We realize this takes more time. But understand that plants are not furniture, they are living things that need to be transitioned. The more care and time you take with your new plant, the more you will be rewarded. 

We highly recommend using drip irrigation on timers. A properly installed irrigation system is more dependable than a human being, and more convenient for you. Watering with a hose can be very inefficient. Make sure that wherever you install your new plant, that you have prepared for the grading of the ground around the plant. If you are using a hose, you must have berms around to assist the water to sufficiently collect up and soak into the ground around your new plant. If you can, grade your landscape so that when it rains, the water sheets toward the plant beds--water from the sky is not only free, it is much healthier for your plants. 

Lastly, as you go through each season, your plant will change. Even "evergreen" plants will take a break. Many plants have a season where they don't look their best. If you aren't sure about what is happening with us, take GOOD pictures and come talk to us (online or in person). Also, don't let every reaction to a problem be something you need to buy or spray. Sometimes all that is happening is natural and you just need to wait it out. Give your plant what it needs and it will reward you. And if you fail, don't worry. Even the most successful gardeners fail. But even upon failure, collect data and try to find out and understand what happened. 

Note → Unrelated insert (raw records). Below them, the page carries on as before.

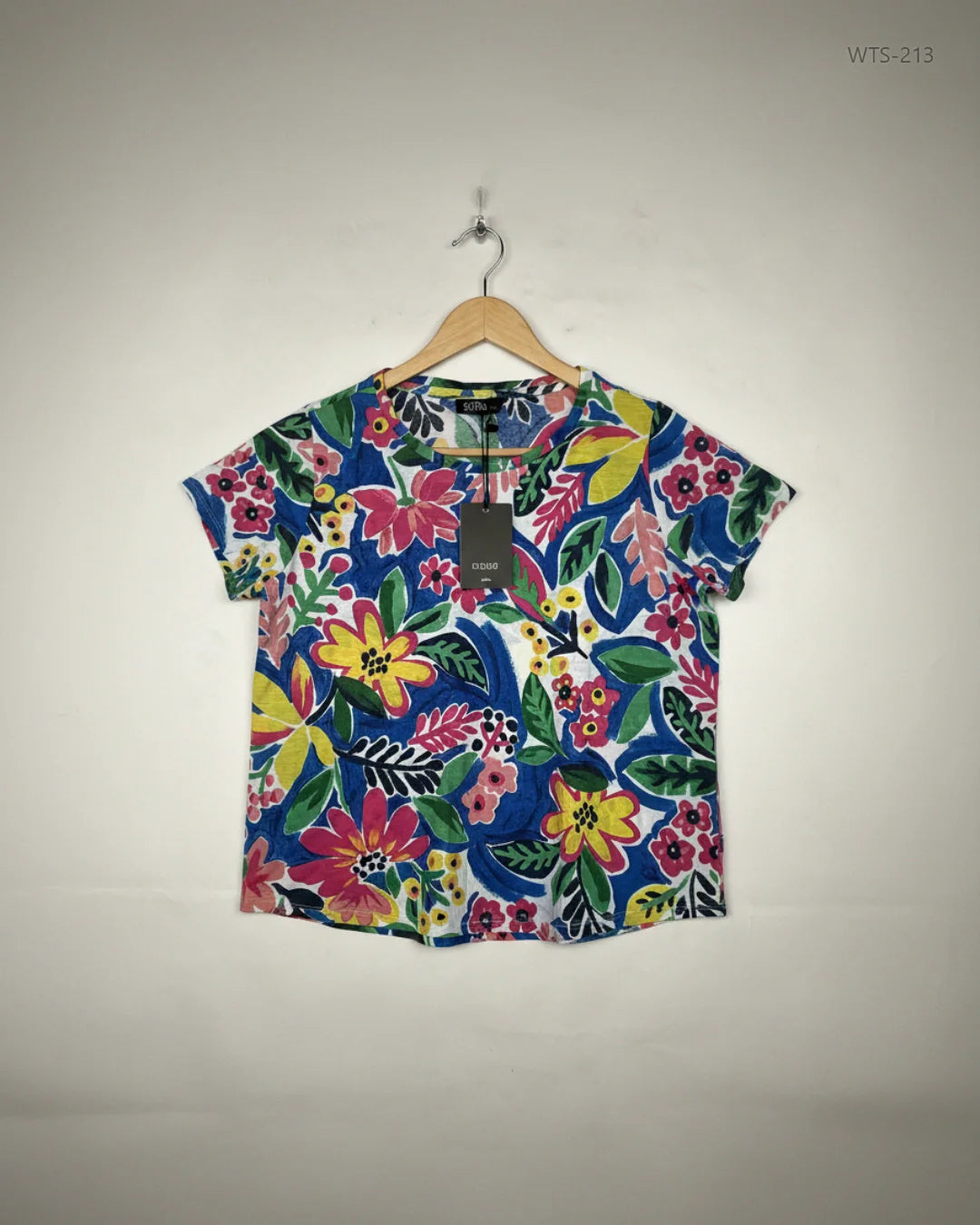 MARKS & SPENCER Multi Color Womens Tshirts (WTS-213)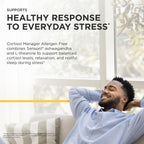 Integrative Therapeutics Cortisol Manager Allergen Free - Adrenal Health Support Supplement for Healthy Stress Response* - Vegan, Non-Dairy & Gluten-Free - 30 Capsules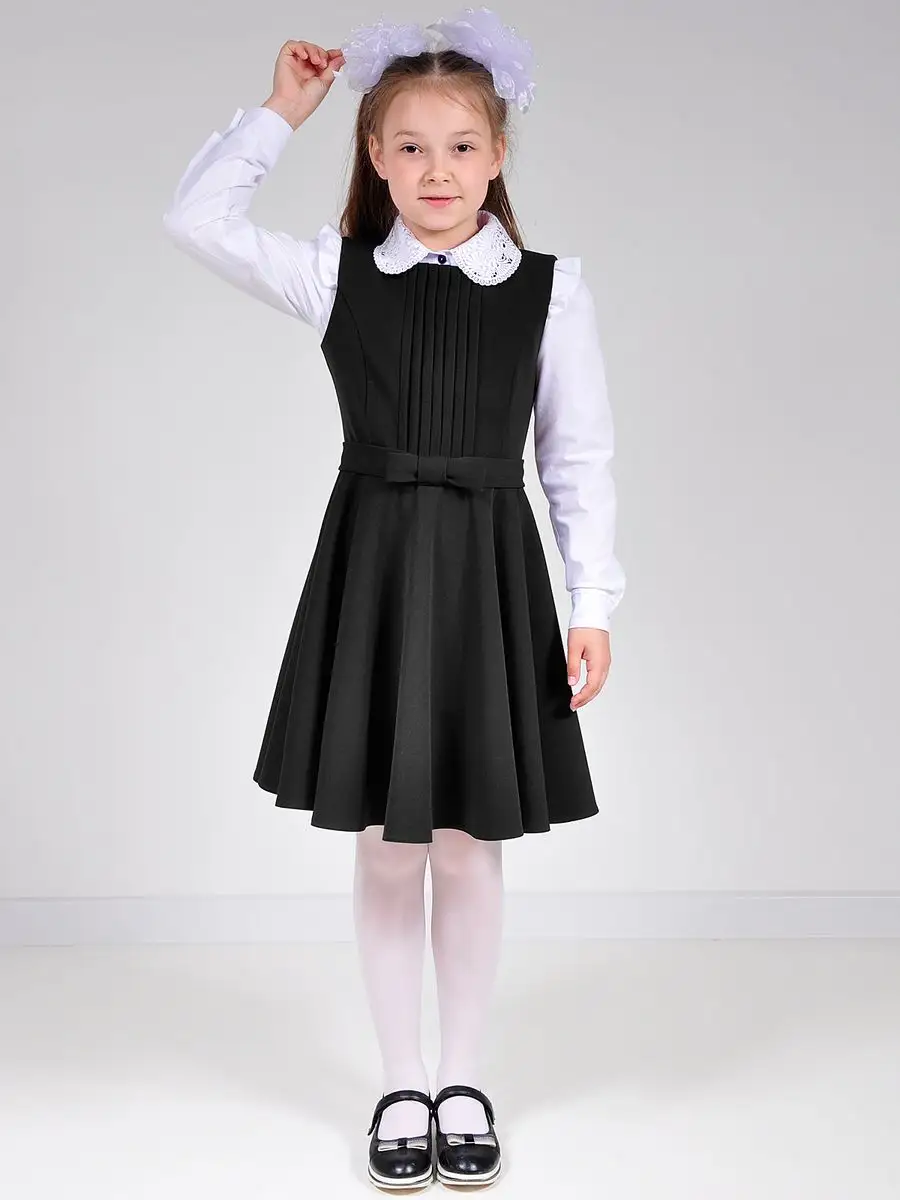 Сарафан школьный платье школьное — изображение 10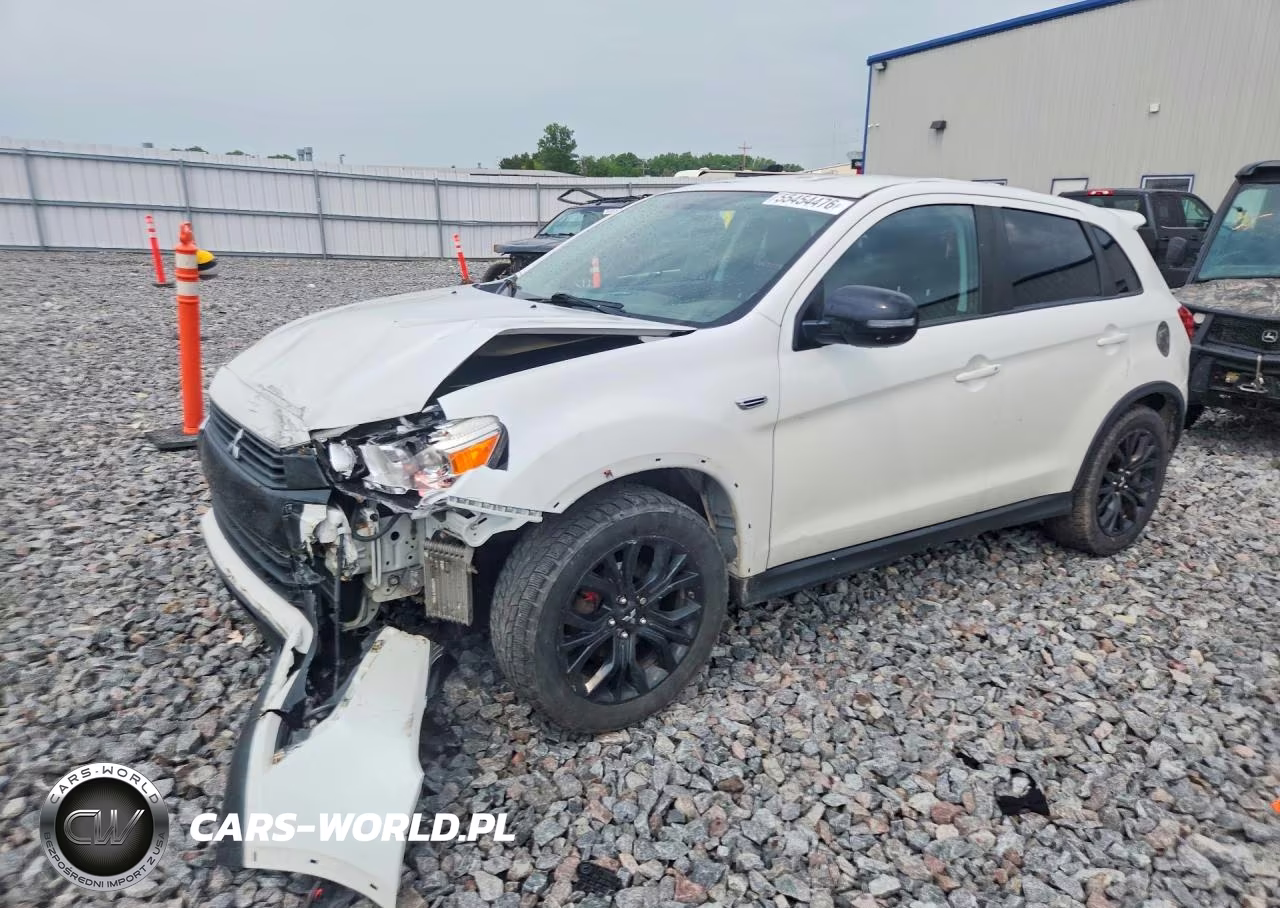 2017 Mitsubishi Outlander Sport Es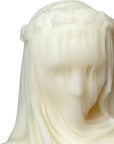 6" Ivory Vanilla Scented Dimensional Lady Candle Novelty Novelty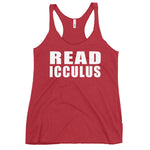 Load image into Gallery viewer, Women&#39;s Read Icculus Racerback Tank
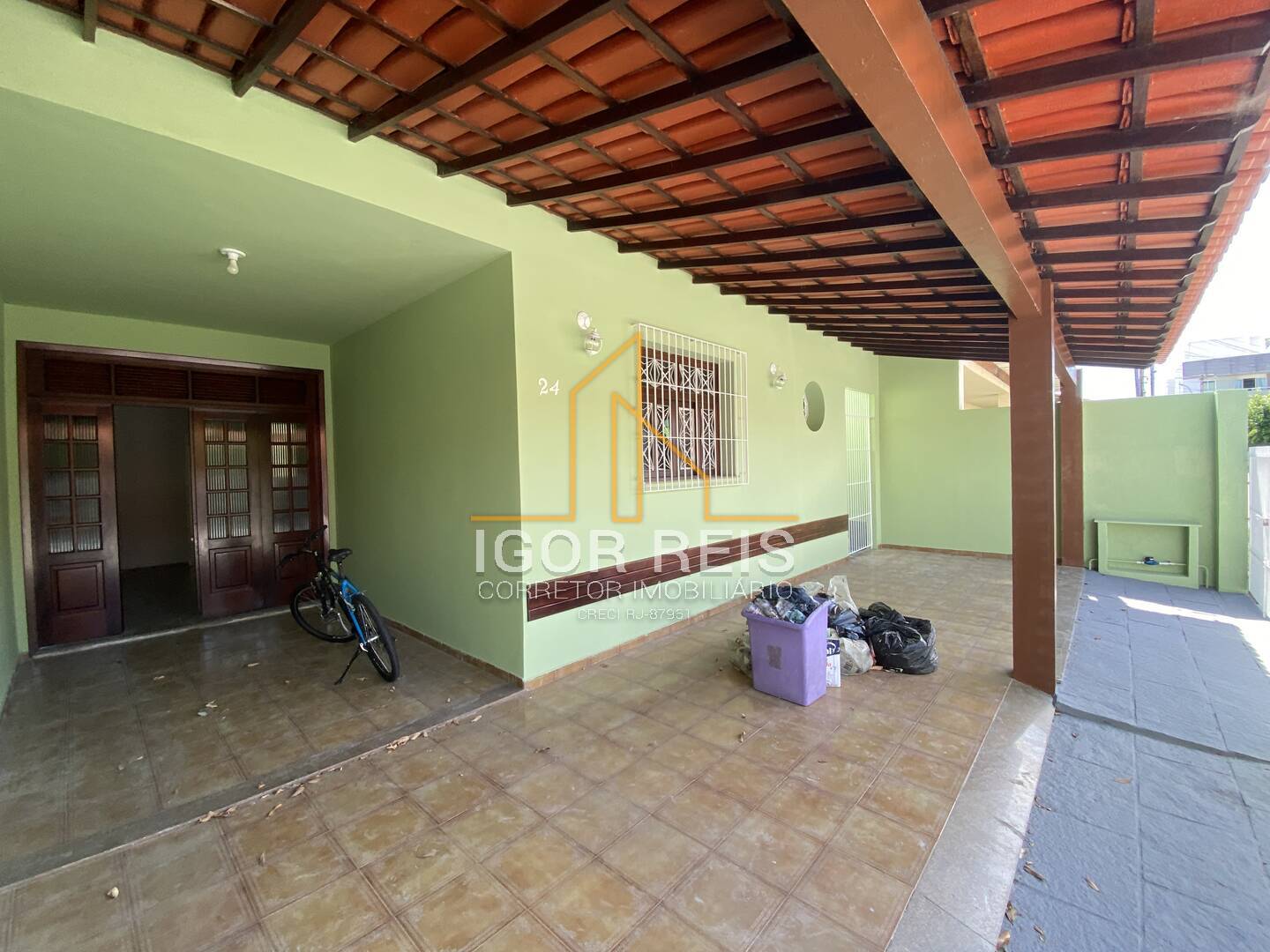 Casa com 3 quartos e 2 suítes no Parque Rosário, Campos dos Goytacazes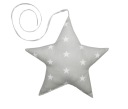 STAR / PENDANT bavlnený vankúš 27cm Belbi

If your plant is being consumed by an organism, please try to resist the urge to spray pesticides. The "pest" might be a very cool butterfly or moth. And most plants can come back from being munched by larvae. But even if it isn't, spraying pesticides does damage to more organisms than just your target. With nature being attacked from all sides, make your backyard a safe place for wild things. Think of your yard as a corridor for birds and butterflies as they travel from mountain range to mountain range. Don't spray pesticides.